* [Extracted data entries]:

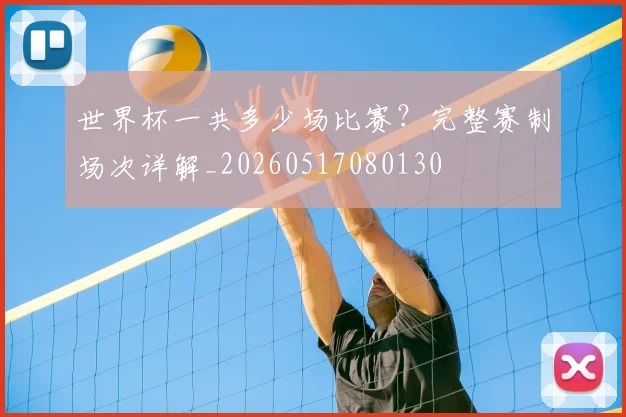 世界杯一共多少场比赛？完整赛制场次详解_20260517080130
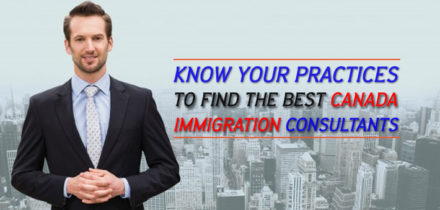 Know your practices to find the best Canada immigration consultants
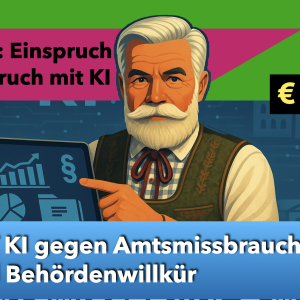 Modul 4: Einspruch & Widerspruch mit KI erstellen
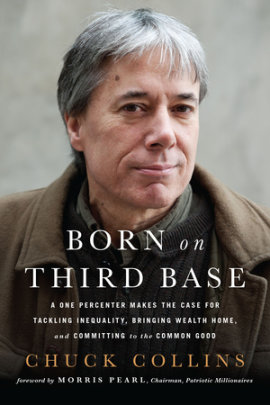 Born on Third Base - Author Chuck Collins, Foreword by Morris Pearl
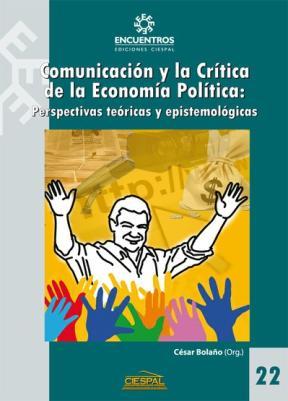 E-book Comunicación Y Crítica De La Economía Política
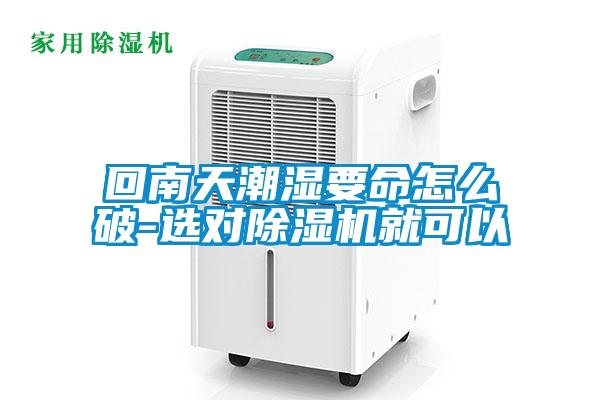 回南天潮湿要命怎么破-选对除湿机就可以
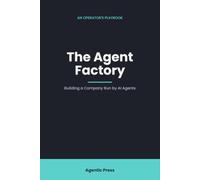 The Agent Factory: Building a Company Run by AI Agents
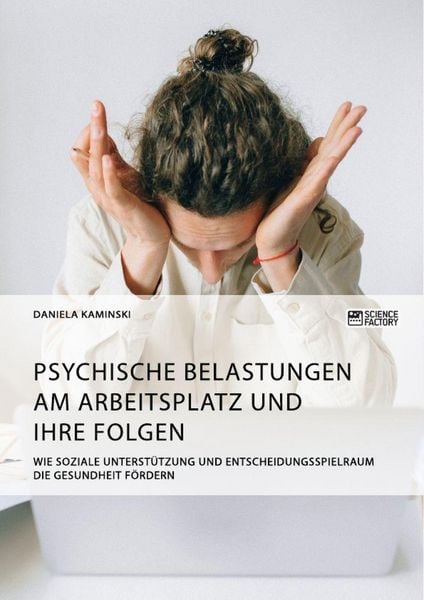 Produktbild: Psychische Belastungen am Arbeitsplatz und ihre Folgen. Wie soziale Unterst&uuml;tzung und Entscheidungsspielraum die Gesundheit f&ouml;rdern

* [Your goal]: Reprint the data verbatim, pictures excluded.

* [Answer area]:
 世界杯一共多少场比赛？完整赛制场次详解_20260517080130
 Know your practices to find the best Canada immigration consultants
 Modul 4: Einspruch & Widerspruch mit KI erstellen
 Born on Third Base - Author Chuck Collins, Foreword by Morris Pearl
 E-book Comunicación Y Crítica De La Economía Política
 回南天潮湿要命怎么破-选对除湿机就可以
 The Agent Factory: Building a Company Run by AI Agents
 Produktbild: Psychische Belastungen am Arbeitsplatz und ihre Folgen. Wie soziale Unterst&uuml;tzung und Entscheidungsspielraum die Gesundheit f&ouml;rdern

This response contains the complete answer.